Tokyo Fiancée
- First edition
- Author: Amélie Nothomb
- Original title: Ni d'Ève ni d'Adam
- Translator: Alison Anderson
- Language: French
- Genre: Novel
- Publisher: Albin Michel
- Publication date: 2007
- Publication place: Belgium
- Pages: 238
- ISBN: 978-2-226-17964-7

= Tokyo Fiancée =

Novel by Amélie Nothomb

Tokyo Fiancée (Ni d'Ève ni d'Adam "Neither Eve nor Adam") is an autobiographical novel by the Belgian writer Amélie Nothomb. It appeared on 20 August 2007 published by Éditions Albin Michel, with a film adaptation being released in 2014.

The novel is partially concurrent with Nothomb's earlier novel, Fear and Trembling.

==Plot==
Amélie, a Belgian woman born in Japan, returns to her childhood home of Tokyo and dreams of living there. Amélie believes that the most effective way to learn Japanese is to teach French, so she meets Rinri, a sophomore studying French. The two become friends and lovers as they go from teacher to student.

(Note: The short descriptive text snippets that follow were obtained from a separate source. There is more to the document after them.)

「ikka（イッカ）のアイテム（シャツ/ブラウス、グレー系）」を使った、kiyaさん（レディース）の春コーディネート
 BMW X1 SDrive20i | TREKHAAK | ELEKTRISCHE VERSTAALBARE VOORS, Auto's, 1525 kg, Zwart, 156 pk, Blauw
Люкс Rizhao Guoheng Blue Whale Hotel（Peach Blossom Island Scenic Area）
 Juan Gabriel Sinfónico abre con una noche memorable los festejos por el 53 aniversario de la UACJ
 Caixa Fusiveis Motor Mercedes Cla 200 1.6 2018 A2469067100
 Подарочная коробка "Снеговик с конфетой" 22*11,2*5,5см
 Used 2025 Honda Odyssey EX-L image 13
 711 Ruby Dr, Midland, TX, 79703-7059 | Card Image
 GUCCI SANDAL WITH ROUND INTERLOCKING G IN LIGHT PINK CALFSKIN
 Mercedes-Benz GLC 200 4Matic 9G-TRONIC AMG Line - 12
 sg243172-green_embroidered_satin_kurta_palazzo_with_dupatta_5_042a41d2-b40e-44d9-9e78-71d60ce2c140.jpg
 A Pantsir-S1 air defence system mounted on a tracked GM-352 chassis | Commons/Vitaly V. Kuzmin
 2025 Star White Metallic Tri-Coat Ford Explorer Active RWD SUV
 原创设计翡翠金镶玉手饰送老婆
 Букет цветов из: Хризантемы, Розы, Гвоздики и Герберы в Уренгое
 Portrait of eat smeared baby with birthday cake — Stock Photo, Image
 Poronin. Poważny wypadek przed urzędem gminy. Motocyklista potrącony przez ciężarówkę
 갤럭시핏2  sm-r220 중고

The couple experience cultural differences. Amélie likes to taste Japanese food, while Rinri likes Western food. He prepares Japanese food for Amélie, but does not eat it himself. The Japanese things that Amélie admires are of no interest to Rinri. Rinri takes Amélie back to her memories of Japan. Amélie's Japanese improves rapidly thanks to Rinri, and so does Rinri's French.

When Rinri proposes to Amélie, she accepts but feels uncertain about how she feels about him. Instead of going through with the marriage, Amélie returns to Europe when her employment contract with Yumimoto ends and does not contact Rinri. Many years later, she returns to Japan to promote her latest book. She is reunited with Rinri at a book signing, where she greets him as a long-lost brother.

==Awards==
The novel was nominated for the Prix Goncourt in 2007 and the Prix Renaudot 2007. It won Prix de Flore in 2007.

== Press ==

- 30 May 2009 Lotus Reads: "a contemporary love story, where the woman's love of independence trumps her desire to be loved and needed."
- 5 May 2009 Raintaxi: "Nothomb offers no false resolution of the novel’s conflict between personal freedom and emotional intimacy, and this unresolved tension makes Tokyo Fiancée convincing and compelling."
- 19 February 2009 The Asian Review of Books: "Tokyo Fiancee is sparse, sardonic, intelligent, cross-culturally aware, simultaneously detached and engage"
- 19 February 2009 The Temple News: "Tokyo Fiancée is either a love story about language or a language story about love."
- 15 February 2009 Metropolis (Japan): "Nothomb skillfully uses the pair’s language exchange and intercultural relationship to offer deep insights into, and make sharp comments on, Japanese traditional culture and Bubble Era society."

== Adaptations ==
Tokyo Fiancée was adapted to the cinema in 2015 by Stefan Liberski. Amélie is played by the Belgian actress Pauline Étienne.